We will identify features that have a positive influence (decrease error) on the quality of the model's prediction on the input, versus those that have a negative influence (increases error). This analysis requires knowledge of the groundtruth, and can only be performed after it is available (once the three hours have elapsed in our case.)
We derive the analytical form of feature attributions for error. Let \(E\) denote the squared error of the model's prediction: $$ E(x) = (L(x) - F(x))^2$$ here \(L(x)\) is the label of the input.
We integrate the gradient of the error along the linear path (defined by the parameter \(\alpha\)) from the baseline \(x'\) to the input; here \(x_{\alpha}\) is a point along the path. Throughout this process, we hold the label fixed at its input value \(L(x)\); this quantity is the model's target. The attributions reflect how the model makes progress towards reducing (or increasing) error along this path.
The attribution for a feature \(i\) is: $$ \phi (x_i) = (x_i - x_i') \int_{\alpha=0}^{1} \frac{\delta (L(x) - F(x_{\alpha}))^2}{\delta x_i} d\alpha \cdots (2) $$ $$ \phi (x_i) = (x_i - x_i') \int_{\alpha=0}^{1} 2(F(x_{\alpha}) - L(x)) \frac{\delta F(x_{\alpha})}{\delta x_i} d\alpha \cdots (3) $$
The second step is via application of the chain rule: the gradient of the function \(E\) with respect to a feature can be written as the gradient of the function \(E\) with respect to the score \(F\) , which is \(2(F(x) - L)\) times the gradient of the score wrt the feature \(\frac{\delta F(x_{\alpha})}{\delta x_i}\)
Compare this to the expression in Equation 1. The difference from prediction attributions is the scaling by the term \(F(x) - L\) which changes the scale and sign of the gradients being accumulated.
Thus far, we have discussed how to identify influential features (with localities) for a prediction at a single location in the grid. However, this is not directly usable because as analysts/meteorologists, we would prefer explanations for a groups of locations such as a locality where rain is predicted everywhere, or a locality where the model is inaccurate, or on the entire 256X256 output grid, to understand the aggregate influence of individual features. It would be painful to communicate these explanations pixel by pixel. Fortunately, the attributions are in prediction units (i.e., in quantity of precipitation), therefore we can sum attributions for a set of output pixels; the attribution for a feature, location combination now corresponds to how much it contributes to the total rainfall in the selected output pixels.

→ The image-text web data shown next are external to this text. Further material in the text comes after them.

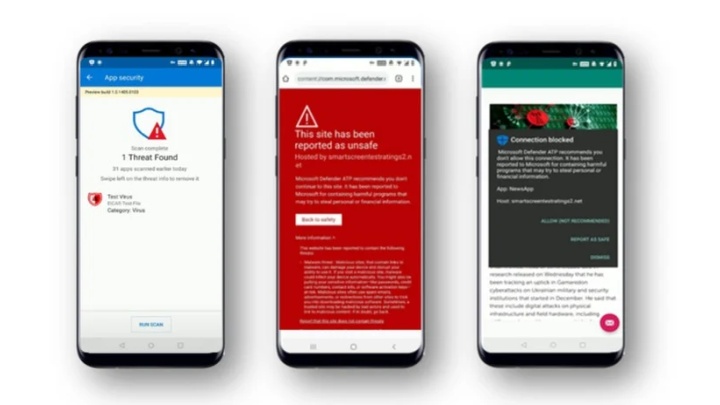 Microsoft Defender trafił na Android - ilustracja #2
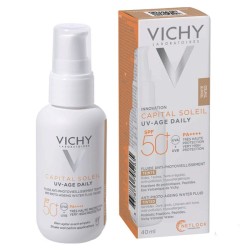 Vichy Capital Soleil UV Age Daily Tinted Light SPF50+
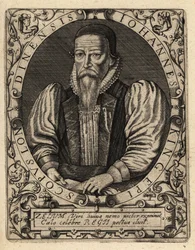 John King, morto nel 1621, Vescovo di Londra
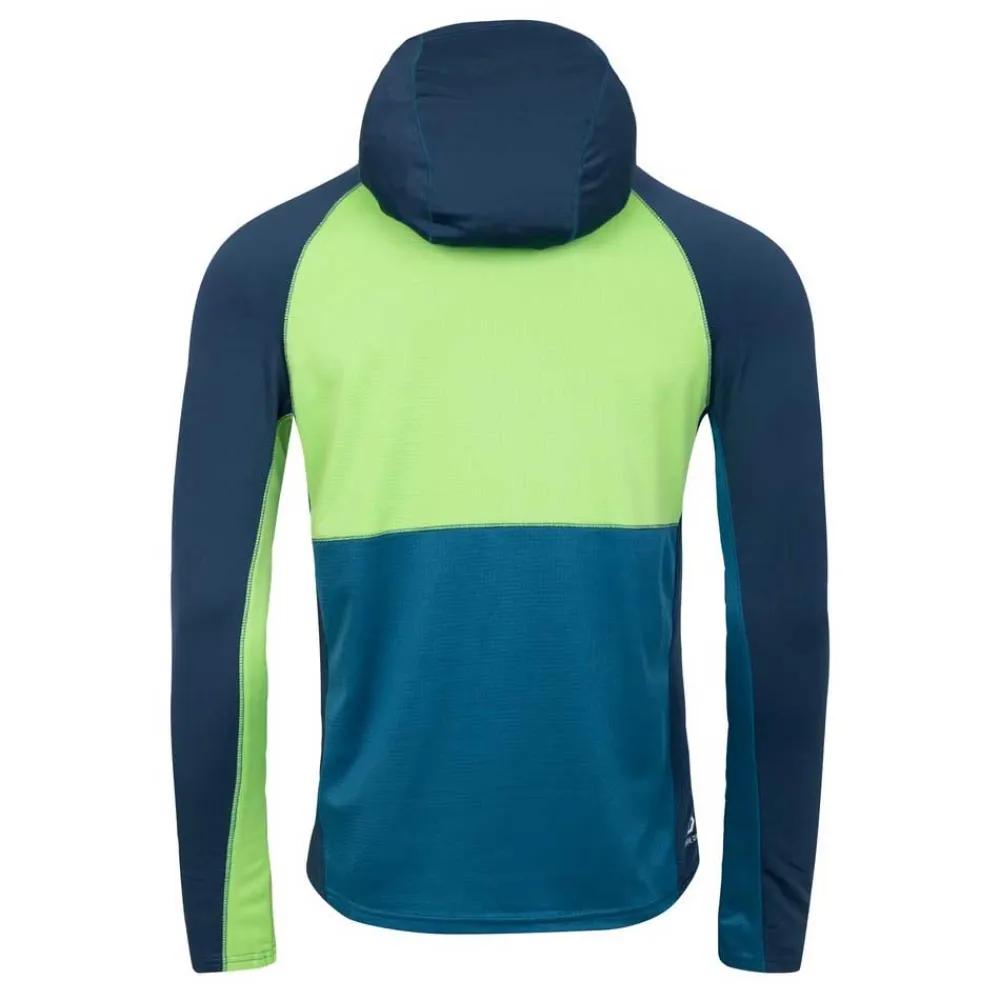 Dare2B Fleecejacke mit Reißverschluss Assimilate III Core Stretch repariert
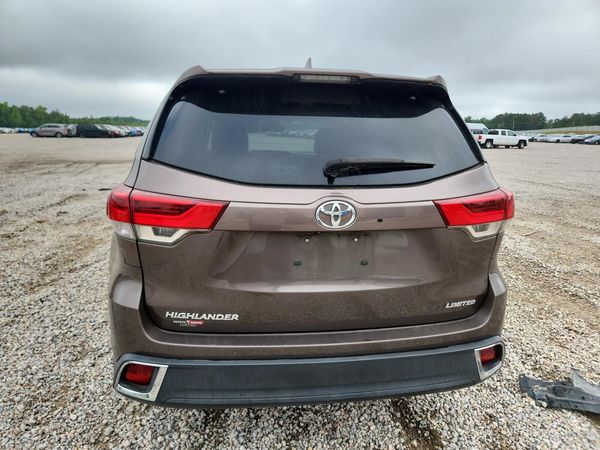 2017 TOYOTA HIGHLANDER Ltd/Ltd Platinum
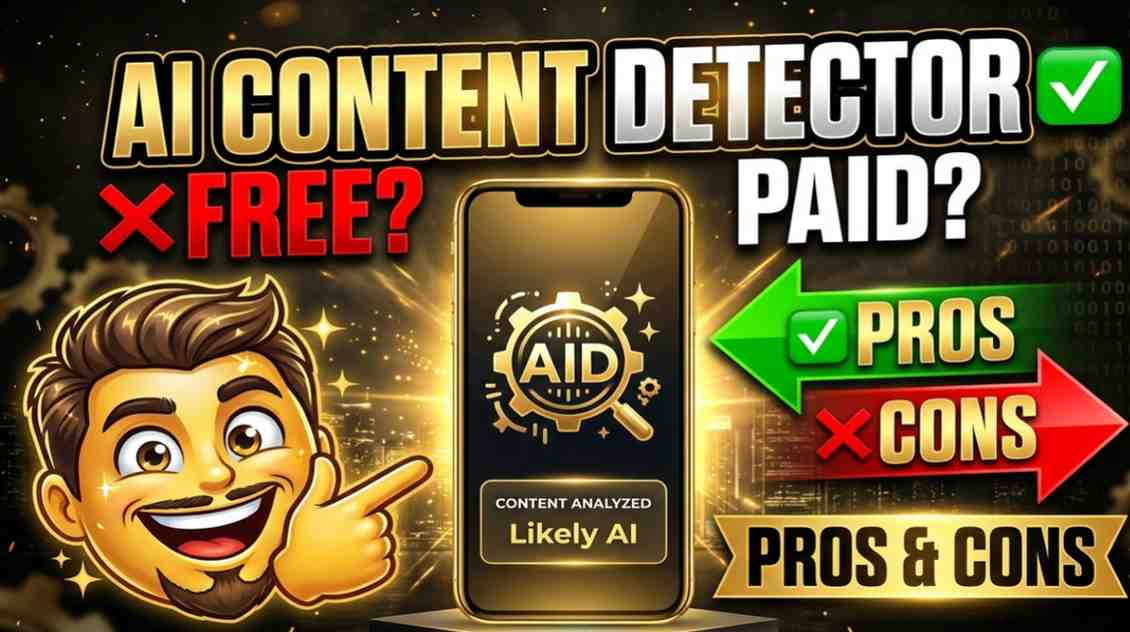 AI Content Detector
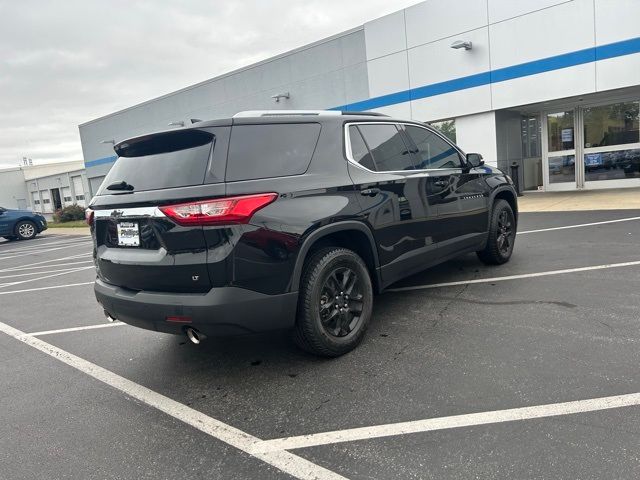 2018 Chevrolet Traverse LT Cloth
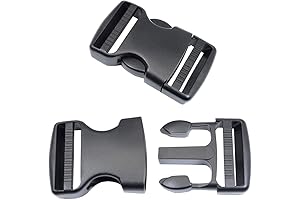 Quick Side Release Backpack Buckle Replacement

You can inspect the prediction and error attributions and feature importance using the tool below in the following ways:
We analyze a deep learning network that has superior accuracy in forecasting rainfall three hours out than HRRR, a forecast system based on traditional numerical weather prediction.

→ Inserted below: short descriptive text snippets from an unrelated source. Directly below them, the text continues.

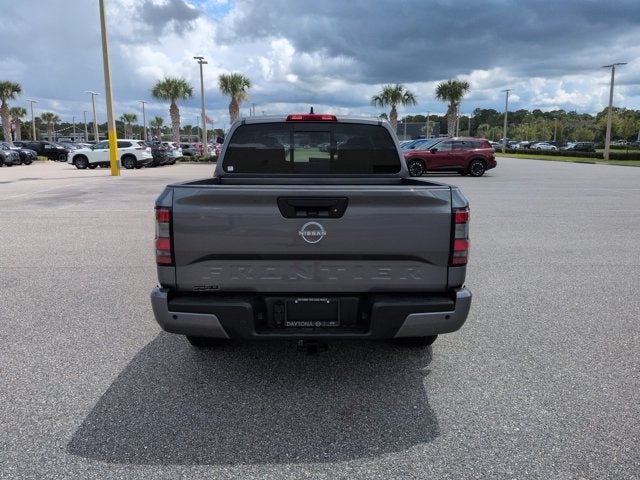 2027 Nissan Frontier SV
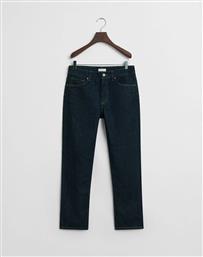 ΠΑΝΤΕΛΟΝΙ STRAIGHT FIT JEANS GANT
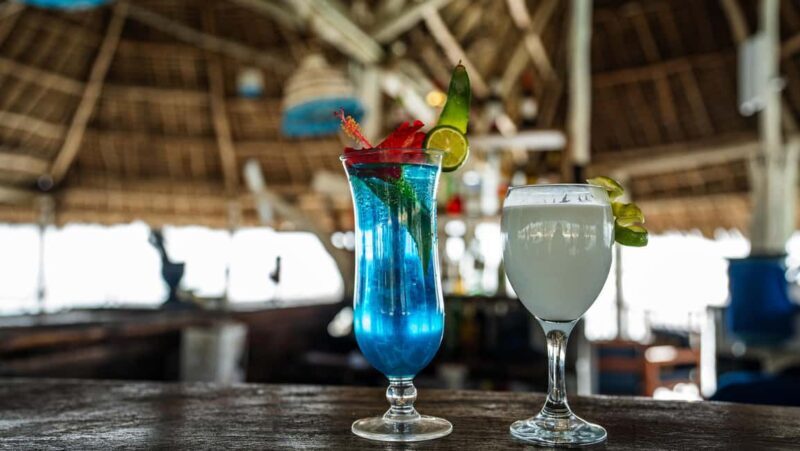 Zanzibar: 1 Day Pass all inclusive island Resort experience - Key Points
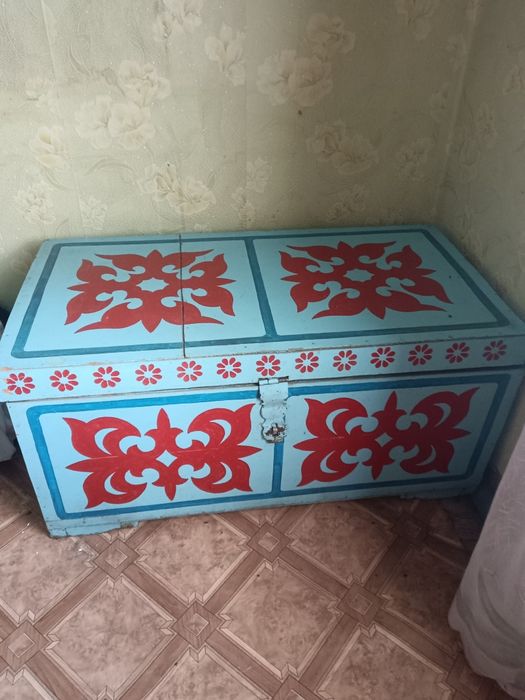 Продам сундуки из деревни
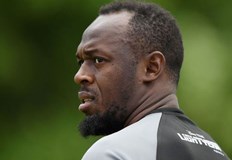 Осемкратният олимпийски и 11 кратен световен шампион болт е пострадал заради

Our motivation was to check whether the deep learning model obeys causal patterns indicated by the physics of rainfall. We found this to be largely the case. The most influential features (pressure differentials, and measures of current rainfall) were as expected. However, we did notice breakages of causality as well. First, we found that the model predicted less rainfall with more lightning, an issue possibly stemming from the sparsity of data. Second, we found that rainfall predictions at a location tended to depend on sensor readings towards the left. This is a consequence of building a model on training data from the continental U.S., where the prevailing wind direction is left to right. This indicates that the same model wouldn't be suitable for predicting rainfall in other geographies. Perhaps adding features such as wind direction and ground elevation could produce a more causal model.
Finally, we expect our explainable, i.e., our feature attribution exploration widget, to apply to the influence of features on predictions and more importantly on the error/loss of the model, across a number of weather tasks including wind, solar energy, flood and wildfire prediction, that all share the characteristic of producing predictions across a spatial grid.